Vapur Doğu Akdeniz limanlarından birine yaklaştığı zaman ortalık kararmaya başlamıştı. Güneşin biraz evvel battığı, denizle bulutların birbirine karıştığı yerde katmer katmer turuncu yığınlar, bunun karşısında, Torosların üzerinde ise, karlı tepeleri saran al al tüller vardı. Vapur kısa, kalın bir şeydi. Kıçı pek suya batmış, burnu pek havaya kalkmış gibi yürüyordu. Elli beş yaşındaki makine, kendisiyle aynı yaşta olan tekneyi, sıtmaya tutulmuş gibi zangır zangır titretiyordu.

Yarım asırdan beri fırçalanıp silinmekten yarı yarıya incelmiş ve aralarındaki zifti dökülmüş olan güverte tahtaları, sıcakta yan yatıp hızlı hızlı soluk alan sıska bir köpeğin kaburgaları gibi, kımıldayıp duruyordu.
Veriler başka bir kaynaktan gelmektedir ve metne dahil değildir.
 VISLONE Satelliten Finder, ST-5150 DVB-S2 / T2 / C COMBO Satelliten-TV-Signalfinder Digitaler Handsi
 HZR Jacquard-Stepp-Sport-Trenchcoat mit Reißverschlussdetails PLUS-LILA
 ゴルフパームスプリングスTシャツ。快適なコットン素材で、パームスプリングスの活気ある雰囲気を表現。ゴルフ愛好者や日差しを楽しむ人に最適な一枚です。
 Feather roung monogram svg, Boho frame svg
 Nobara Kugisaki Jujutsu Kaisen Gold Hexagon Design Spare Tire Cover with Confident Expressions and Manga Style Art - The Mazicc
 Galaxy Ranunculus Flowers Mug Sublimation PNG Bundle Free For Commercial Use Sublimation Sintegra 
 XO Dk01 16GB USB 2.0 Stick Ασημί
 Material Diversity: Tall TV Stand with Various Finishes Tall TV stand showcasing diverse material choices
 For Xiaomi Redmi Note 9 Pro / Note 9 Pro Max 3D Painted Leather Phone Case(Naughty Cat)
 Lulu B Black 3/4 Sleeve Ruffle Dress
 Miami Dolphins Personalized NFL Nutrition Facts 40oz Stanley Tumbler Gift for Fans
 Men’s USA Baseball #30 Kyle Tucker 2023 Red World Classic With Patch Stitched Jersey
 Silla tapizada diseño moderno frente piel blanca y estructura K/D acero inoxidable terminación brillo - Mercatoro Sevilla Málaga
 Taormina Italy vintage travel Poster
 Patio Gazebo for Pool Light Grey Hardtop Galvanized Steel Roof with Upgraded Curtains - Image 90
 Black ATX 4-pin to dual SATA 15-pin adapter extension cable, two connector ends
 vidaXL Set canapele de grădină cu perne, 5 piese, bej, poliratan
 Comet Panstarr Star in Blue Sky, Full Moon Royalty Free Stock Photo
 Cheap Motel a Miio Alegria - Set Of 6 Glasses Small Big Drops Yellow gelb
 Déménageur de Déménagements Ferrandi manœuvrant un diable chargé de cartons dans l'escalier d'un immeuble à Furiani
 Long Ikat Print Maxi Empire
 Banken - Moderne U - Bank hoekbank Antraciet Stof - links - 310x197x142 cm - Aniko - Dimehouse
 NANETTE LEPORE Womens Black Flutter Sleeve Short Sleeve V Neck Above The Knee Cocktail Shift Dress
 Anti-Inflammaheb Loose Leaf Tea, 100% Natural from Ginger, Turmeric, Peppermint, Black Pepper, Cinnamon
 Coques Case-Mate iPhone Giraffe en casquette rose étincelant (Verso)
Bir saatten beri dümen vardiyası tutan vinççi İsmail, bacakları bir arşın kadar birbirinden ayrı, çıplak ayakları deve tabanı gibi sımsıkı güverteye, elleri dümene, gözleri limana yapışmış, hiç kımıldamadan duruyordu. Görenler onun sanki nefesi kesilmiş bir halde çok mühim bir hadiseyi, mesela karşıda taş evlerinin camları parlayan şehrin bir infilakla uçuvermesini, yahut denizden büyük bir canavar çıkıp gemiyi birden yutuvermesini beklediğini sanırlardı.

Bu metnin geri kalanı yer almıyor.